Я тоже поддался общей панике (хоть и не помню, почему). Меня охватил какой-то первобытный ужас. Я понимал, что оставаться в толпе опасно, и, подтянувшись, взобрался на какой-то подоконник, где в страхе пережидал, пока эта дикая орда не умчалась вдаль. Однако за столь оригинальное решение мне пришлось дорого заплатить. Когда я уже собрался идти дальше, ужас обрушился на меня с поистине сокрушающей силой, и мне показалось, что он охотился именно на меня. Я умирал от страха, я бежал сломя голову, точно безумный, и, когда нагнал наконец друзей, сердце у меня буквально выскакивало из груди.

***

Еще я смутно вспоминаю, что оказался в какой-то комнате с каменными стенами, покрытыми надписями, которые я был не в состоянии прочесть. В углу мерцал масляный светильник.

Подняв глаза, я увидел перед собой обнаженного мужчину с лисьей головой. В одной руке он держал кремневый нож, в другой – сосновую шишку. Лисья голова, разумеется, была просто маской. Я знал, что так и полагается.

– Теперь ты знаешь, – сказал он мне.

– Что я знаю? – спросил я.

– Ты знаешь, каков лик будущего.

Довольно долго я колебался, но все же спросил:

– А кто ты сам?

– Зеркало, – был ответ.

Я протянул руку, желая его коснуться, и пальцы мои ощутили гладкую поверхность. Тогда я коснулся собственного лица: вместо него была длинная, покрытая шерстью звериная морда.

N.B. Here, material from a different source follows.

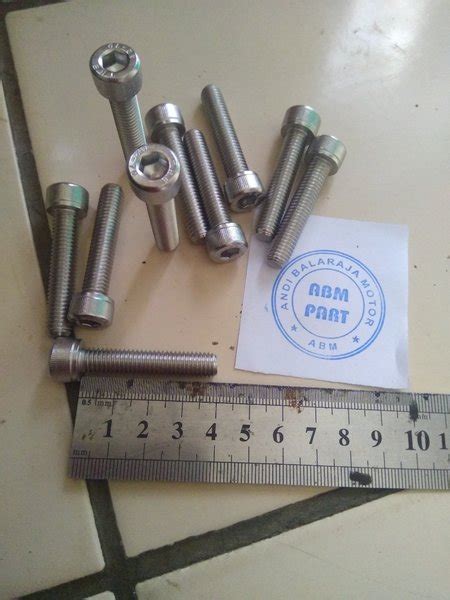 Jual Baut L Stainles M X Ato Baut Panjang Cm Di Lapak Tukang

По-моему, я дико вскрикнул, но более ничего припомнить не могу…

***

Вспыхивают порой и еще какие-то разрозненные воспоминания, которые я никак не могу привести в порядок. Они, собственно, не имеют даже сюжета; то вспомнится чье-то лицо, то незнакомый пейзаж, то в ушах прозвучат несколько непонятных и не связанных между собой фраз…

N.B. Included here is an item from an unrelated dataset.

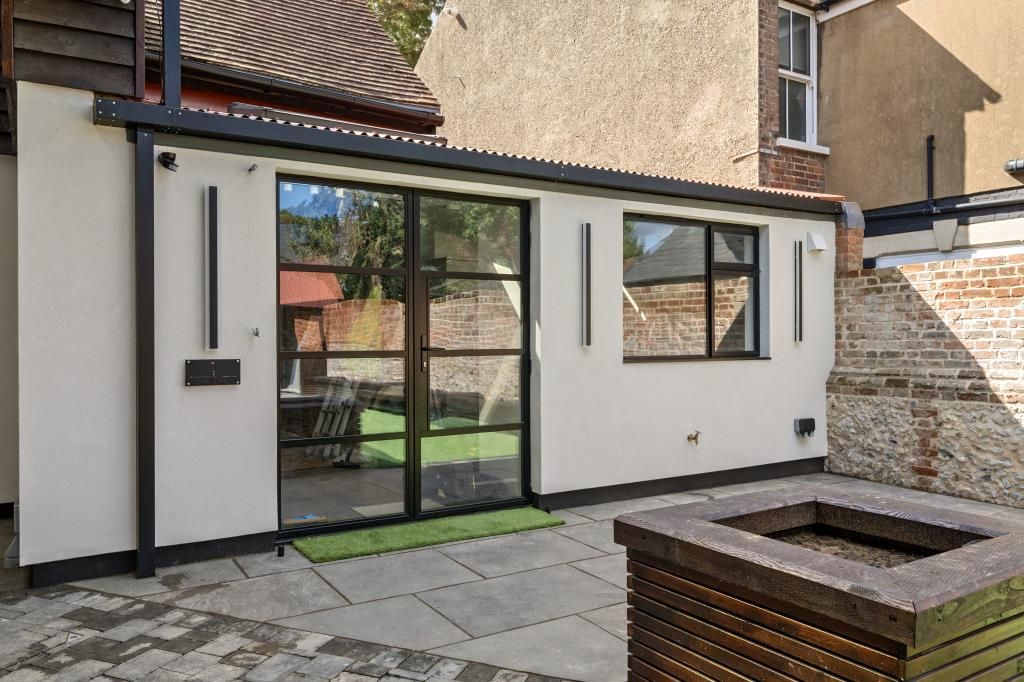 Property photo 1 of 16 Front Aspect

Лицо было явно человеческим, но обрамлено густой звериной шерстью. Человек улыбался, и рот его был выпачкан кровью.

Пейзаж представлял собой голые скалы на вершине горы, скрытые пеленой тумана. Под одной из скал виднелась кучка серого пепла. На мгновение туман рассеялся, и я увидел бесчисленные светящиеся точки далеко внизу подо мною, в глубине долины. Потом облака тумана снова сомкнулись.

И послышался женский голос:

– Ах, какие замечательные сны нам снились тогда! Как прекрасны были наши мечты! И вот к чему мы пришли!..

И другой женский голос откликнулся:

– Но это тоже часть нашего сна!

Вот и весь разговор.

Я ничего не смог из него понять. Видимо, нужно время, чтобы отделить галлюцинации от реальности. Но днем мы в пути и лишь к вечеру разбиваем лагерь и делаем самое необходимое для поддержания жизни. Только переделав все дела, я могу что-то записать в дневнике, а потом валюсь без сил и засыпаю.

Я постоянно чувствую себя усталым. Нет сил даже думать как следует. Я понимаю, что события совершили какой-то странный поворот… точнее, несколько странных поворотов. Но как-то реагировать на это я не в состоянии. Разберусь во всем, когда достигнем Срединных земель – до них, по словам Дерниха, всего несколько дней пути.

И там, на равнинах, вволю еды, и можно будет отоспаться, и, если мы пробудем там достаточно долю, я, возможно, осмелюсь все же перечитать более ранние главы своего дневника и попытаюсь как-то примирить между собой те бесконечные противоречия, которые стали сутью моей жизни.

***

В последнее время явно не хватает пиши. Большая часть съедобных растений растет все-таки в долинах, а мы сейчас находимся на высоте в несколько тысяч футов над уровнем моря и, насколько я могу судить, все еще продолжаем карабкаться вверх. Растительность постепенно исчезает, все чаще встречаются голые скалы, тогда как мы во время переходов тратим огромное количество энергии, но никак ее не восстанавливаем.